Question 1 – Does the 500kV line have anything to do with the wind industry proposals in Baker County?
Two years ago Idaho Power claimed the B2H project had nothing to do with the development of wind industrial sites in Baker County. However, the more the question got asked, the more the answer changed. Eventually, Idaho Power admitted that if a certain wind industry is a customer, then yes, they are required, as a monopoly, to maintain capacity to serve all customers and this is based on projections which include the needs of future customers…which could include wind industries.

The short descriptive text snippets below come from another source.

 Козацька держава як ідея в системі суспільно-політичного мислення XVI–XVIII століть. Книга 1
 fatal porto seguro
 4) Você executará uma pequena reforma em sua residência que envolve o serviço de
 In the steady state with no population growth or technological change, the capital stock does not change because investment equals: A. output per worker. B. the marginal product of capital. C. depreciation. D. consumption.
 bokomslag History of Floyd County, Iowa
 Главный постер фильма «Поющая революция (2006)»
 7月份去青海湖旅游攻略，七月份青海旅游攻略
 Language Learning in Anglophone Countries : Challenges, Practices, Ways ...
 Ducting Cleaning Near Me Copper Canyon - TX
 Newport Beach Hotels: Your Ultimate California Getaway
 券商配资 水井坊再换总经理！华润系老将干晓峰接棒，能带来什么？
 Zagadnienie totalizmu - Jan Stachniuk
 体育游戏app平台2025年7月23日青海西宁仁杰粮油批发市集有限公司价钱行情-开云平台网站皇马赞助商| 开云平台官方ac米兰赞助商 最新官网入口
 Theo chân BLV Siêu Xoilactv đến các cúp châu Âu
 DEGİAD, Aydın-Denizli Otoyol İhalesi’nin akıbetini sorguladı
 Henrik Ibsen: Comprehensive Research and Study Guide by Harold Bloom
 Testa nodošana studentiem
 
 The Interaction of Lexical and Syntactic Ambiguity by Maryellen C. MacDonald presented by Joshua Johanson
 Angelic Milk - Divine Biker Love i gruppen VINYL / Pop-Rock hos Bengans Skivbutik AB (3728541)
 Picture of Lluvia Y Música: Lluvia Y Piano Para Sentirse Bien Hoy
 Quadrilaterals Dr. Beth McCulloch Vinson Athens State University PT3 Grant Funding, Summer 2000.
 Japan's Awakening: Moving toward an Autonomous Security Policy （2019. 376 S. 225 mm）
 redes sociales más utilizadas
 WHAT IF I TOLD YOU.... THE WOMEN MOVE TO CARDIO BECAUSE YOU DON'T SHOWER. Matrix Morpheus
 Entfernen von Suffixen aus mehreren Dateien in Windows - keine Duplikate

But the question remains a murky, non-transparent subject in Baker County. Who is proposing wind industry in Baker County and does it have anything to do with local representatives promoting the transmission line coming through Baker County? Who is subsidizing wind energy?
Question 2 – Does Idaho Power really have to use those ugly 200 foot metal towers?
Yes…One of Idaho Power’s “designers” attempted to answer the question of why smaller, wooden supports could not be used and according to Idaho Power, “it is too expensive to find trees with poles over 100 feet.”
Last summer, I went to a poorly attended meeting held by Idaho Power where the need for this type of energy infrastructure was explained better.
The way I understand it, there is other less invasive infrastructure that could be used with DC power. DC (direct current) power does not create as much heat as AC (alternating current) power and therefore supports for transmission lines can be smaller, shorter, and obviously, less ugly.
However, DC power lines require expensive sub-stations and are only used for long-distance energy transmission. Idaho Power claims the expense to convert to DC power could not be justified for anything under 300 miles. Sadly, the route from Boardman to Hemingway is only about 290 miles, give or take.
Question 3 – Do sage grouse on private land have the same rights as sage grouse on public land?
Apparently, this remains to be seen.